You can't be happy if you're not tolerably happy with yourself. The addition of friends adds immeasurably to life.

Likings arise when one has no earthly reason for liking - the most wildly improbable marriages and uncommon friendship.

When you're taking a fence on a horse, you don't think much; your body does all the thinking, and you're over or you're not over. It's much the same when you are doing a tricky thing with a pen. There are times when I'm writing very, very fast.

Since I grew up, I have never deliberately used any technique at all other than the physical shaping of my tale so that it more or less resembles what has been thought of as a novel for these last two hundred years.

My wife and I have spent most of our lives in France, and we are both pretty well bilingual, my wife more purely than I, since as a little girl she went to school in French Switzerland.

A freewheeling mind can conceive a virtually infinite number of sequences, but just how that mind picks out and stores those that may perhaps be used later to deal with a given tension, a given situation, is far beyond my understanding.

Take a newspaper account of Waterloo or Trafalgar, with all the small advertisements: it seems much more real than reading about it in a history book.

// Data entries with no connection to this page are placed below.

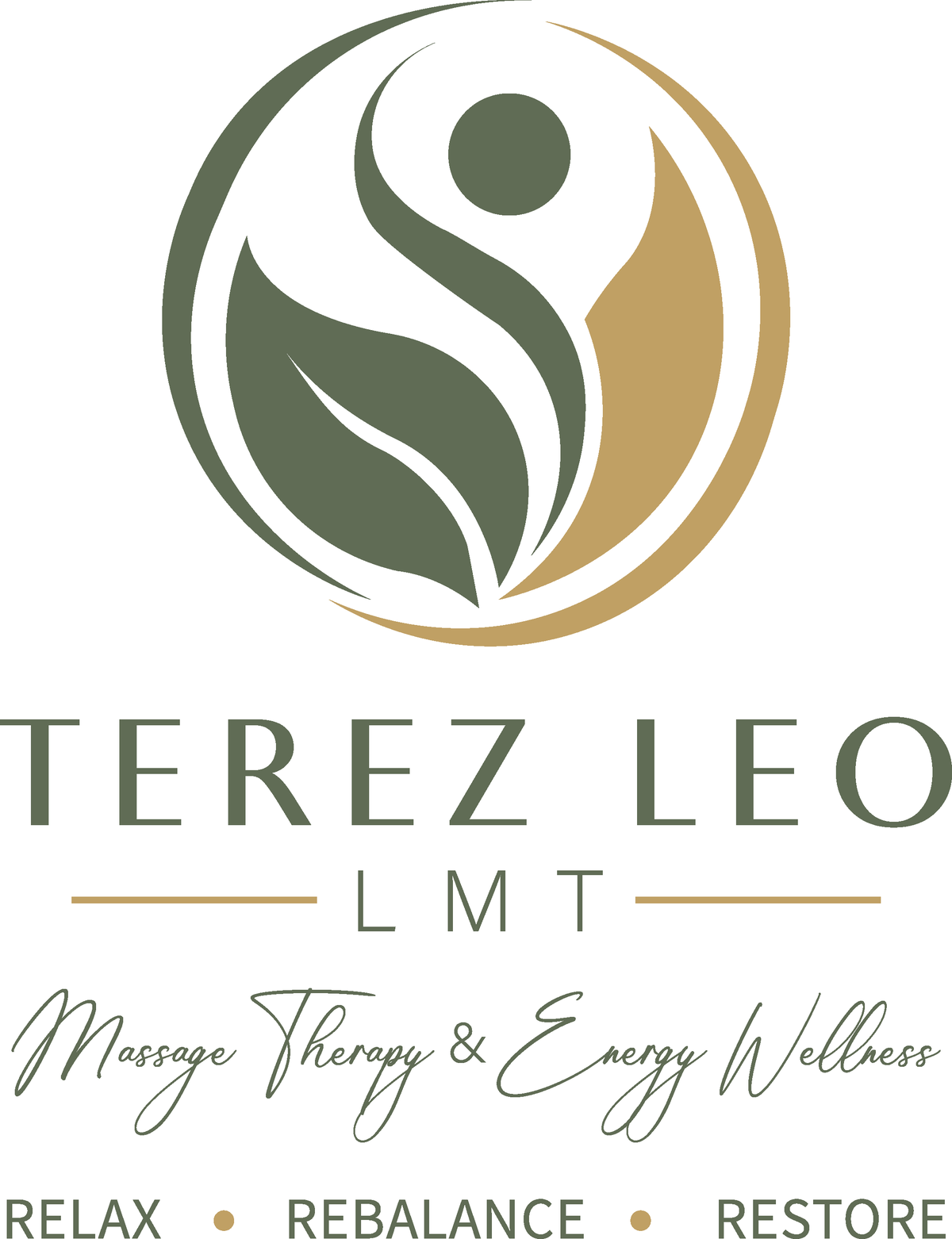 Terez Leo, LMT logo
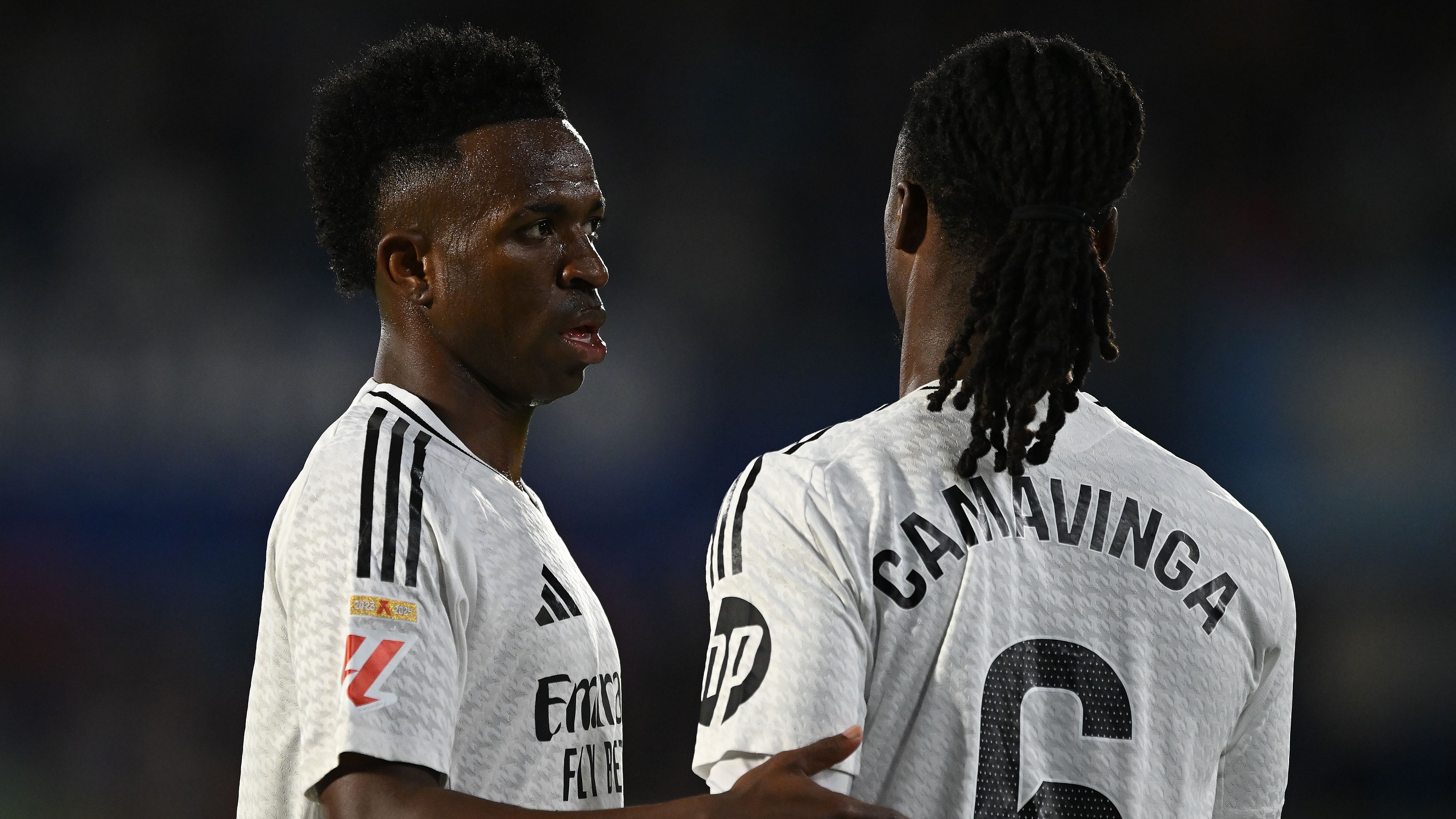 Getafe CF v Real Madrid CF - La Liga EA Sports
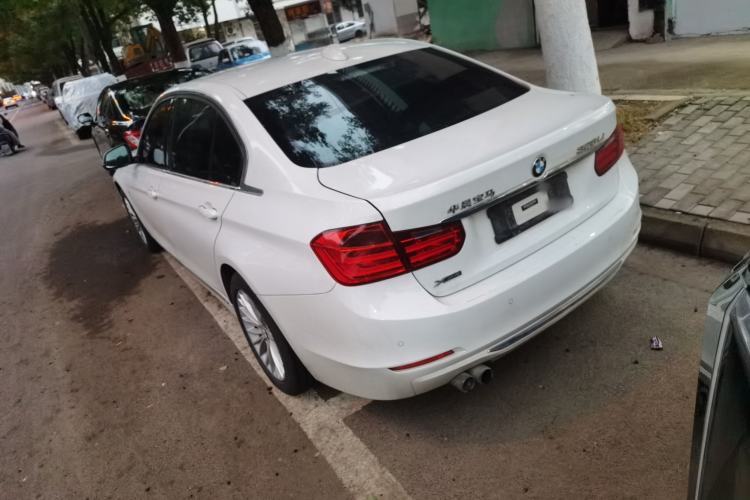 Used BMW 3 Series 2014 328Li xDrive Luxury Design Package
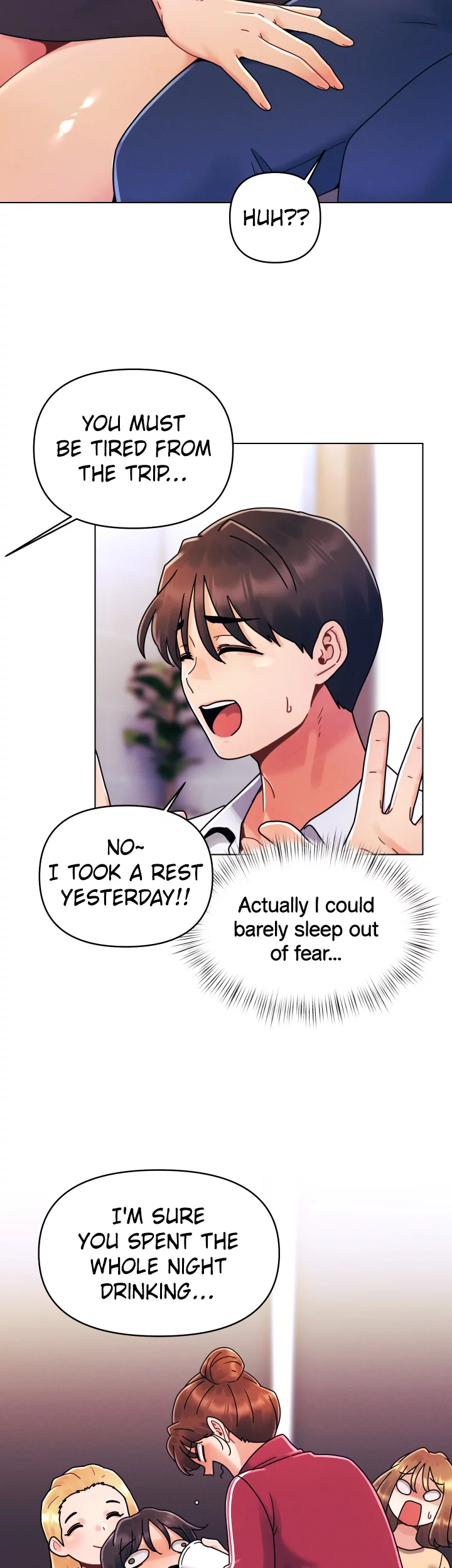 You Are My First Chapter 22 image 12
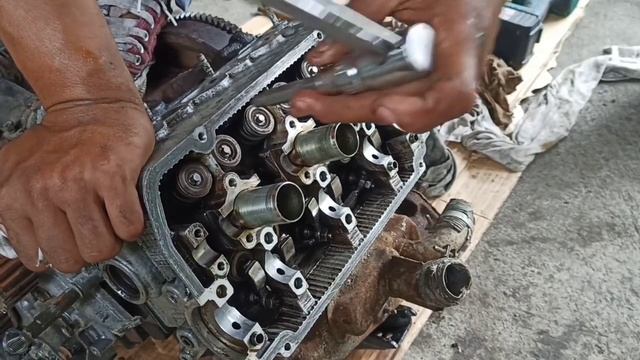 7years na tambay PART 2 Suzuki multicab смотреть онлайн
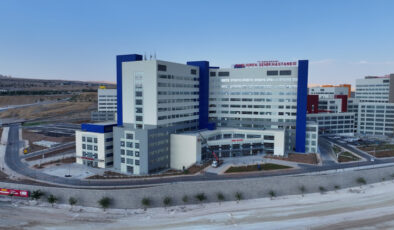 Şanlıurfa Şehir Hastanesi’nde resmi açılış heyecanı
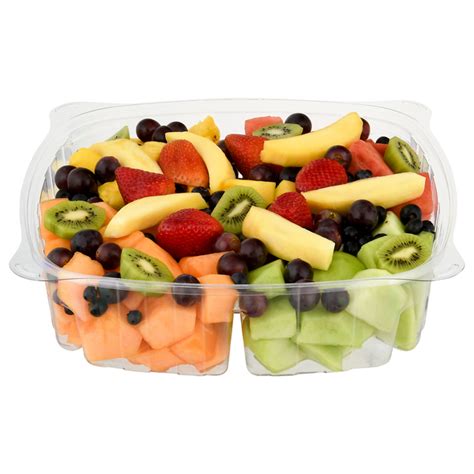 Save On Giant Fresh Festive Fruit Tray Serves 10 16 Order Online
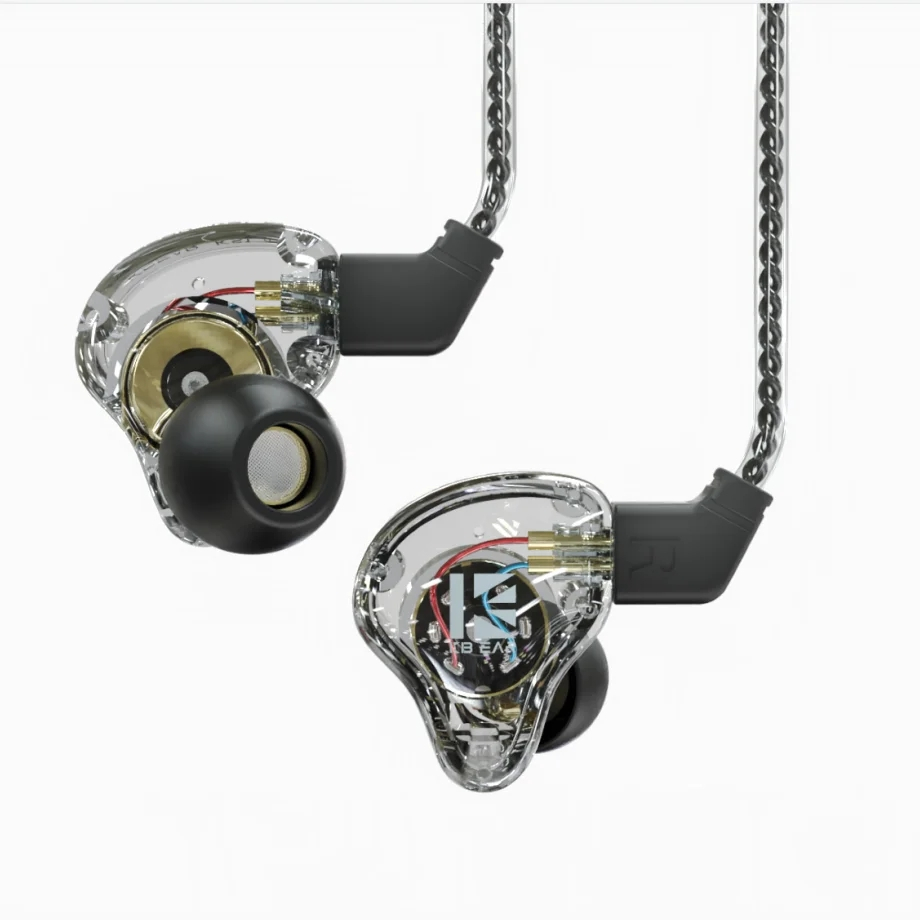 Tai nghe KBEAR KS1, Bass tốt, giá rẻ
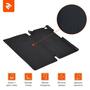 Чехол для планшета 2E для Lenovo Tab4 8", Case, Black (2E-L-T48-MCCBB) - 5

The first interviews I gave were entirely unpleasant. You have people trying to trip you up with impolite questions that have nothing to do with the books. It's simply vulgar curiosity, and I won't have it.

In my case, I write in the past because I'm not really part of the present. I have nothing valid to say about anything current, though I have something to say about what existed then.

The function of the novel is the exploration of the human condition. Really, that's what it's all about.